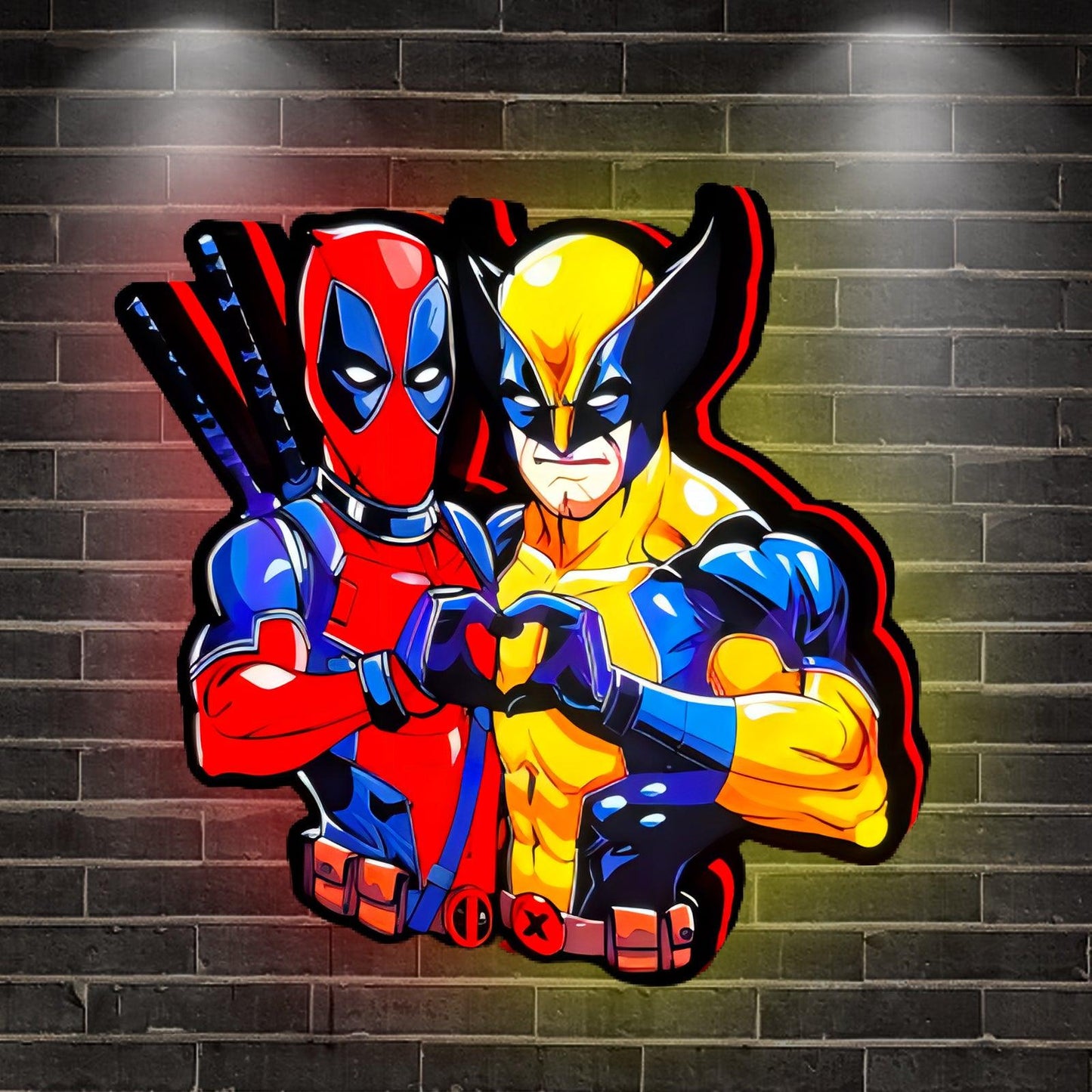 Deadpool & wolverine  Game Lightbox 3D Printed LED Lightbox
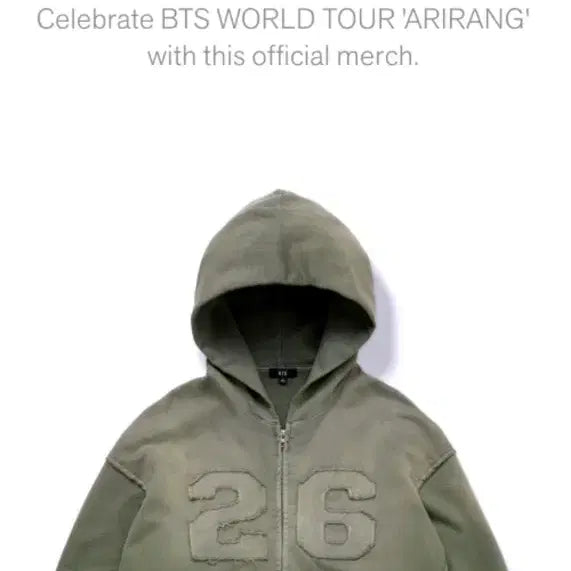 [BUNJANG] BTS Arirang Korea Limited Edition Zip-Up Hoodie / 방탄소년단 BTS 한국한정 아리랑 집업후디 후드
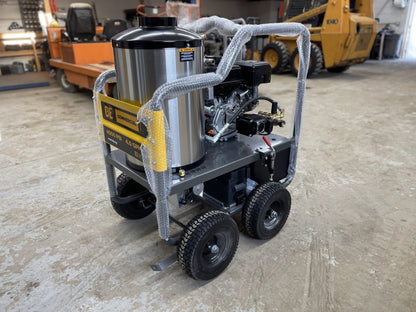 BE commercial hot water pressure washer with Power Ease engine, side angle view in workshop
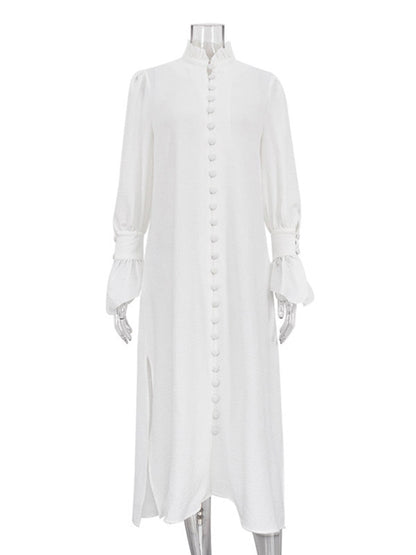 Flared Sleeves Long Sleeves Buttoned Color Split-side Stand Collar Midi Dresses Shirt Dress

+-------+

TASK BRIEF: Start to finish, write out the data above exactly, omitting all pictures.

ANSWER AREA:
 Deadpool & wolverine  Game Lightbox 3D Printed LED Lightbox
 [BUNJANG] BTS Arirang Korea Limited Edition Zip-Up Hoodie / 방탄소년단 BTS 한국한정 아리랑 집업후디 후드
 BE commercial hot water pressure washer with Power Ease engine, side angle view in workshop
 Flared Sleeves Long Sleeves Buttoned Color Split-side Stand Collar Midi Dresses Shirt Dress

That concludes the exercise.